*Required action:* Exactly the lines from the one containing "Short Saia Infantil Infanti" through the end of the listing below are required, restated word for word and without pictures.

*Raw data:*

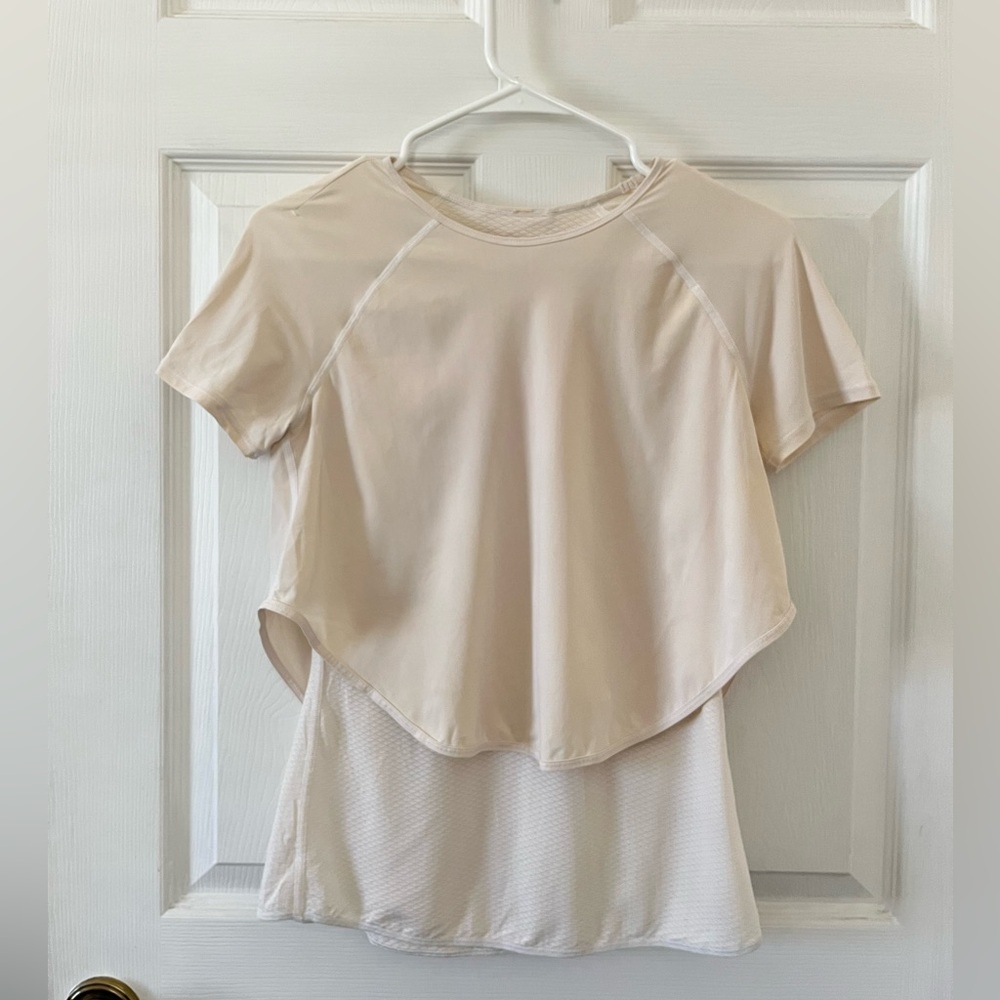 Lululemon Short Sleeve Women's Top with Under Shirt - Cream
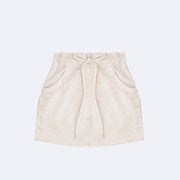 Short Saia Infantil Infanti Strass e Pérolas Off White - frente do short saia infantil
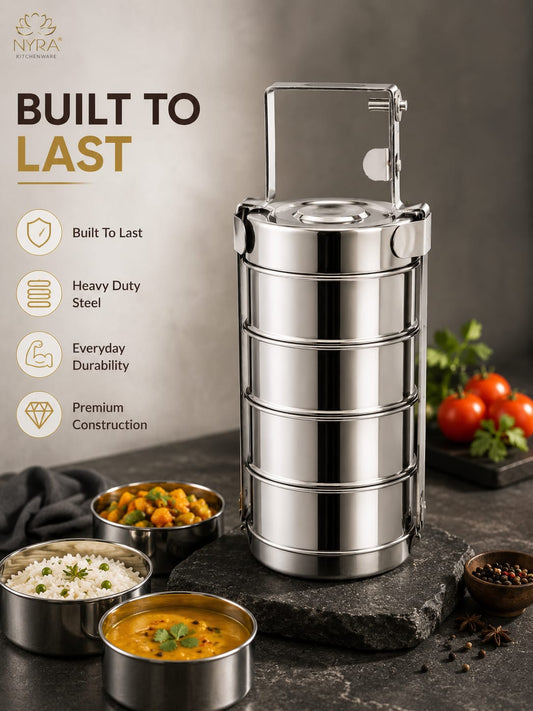 Stainless Steel 4-Tier Tiffin Box | Food Grade Lunch Box with Clip Carrier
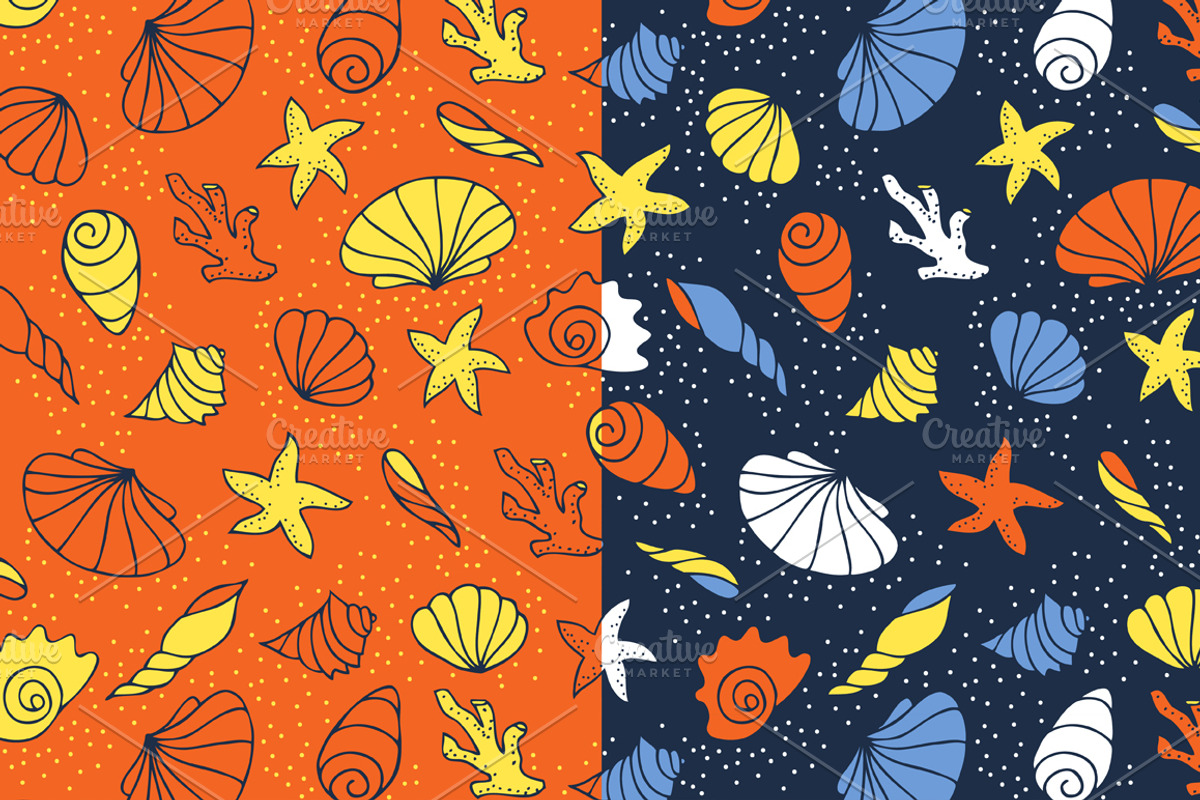 10 seamless patterns with seashells, a Pattern Graphic by EvgeniaV (Photo 3 of 7)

*Reply to the task:*
 Short Saia Infantil Infanti Strass e Pérolas Off White - frente do short saia infantil
 Stainless Steel 4-Tier Tiffin Box | Food Grade Lunch Box with Clip Carrier
 10 seamless patterns with seashells, a Pattern Graphic by EvgeniaV (Photo 3 of 7)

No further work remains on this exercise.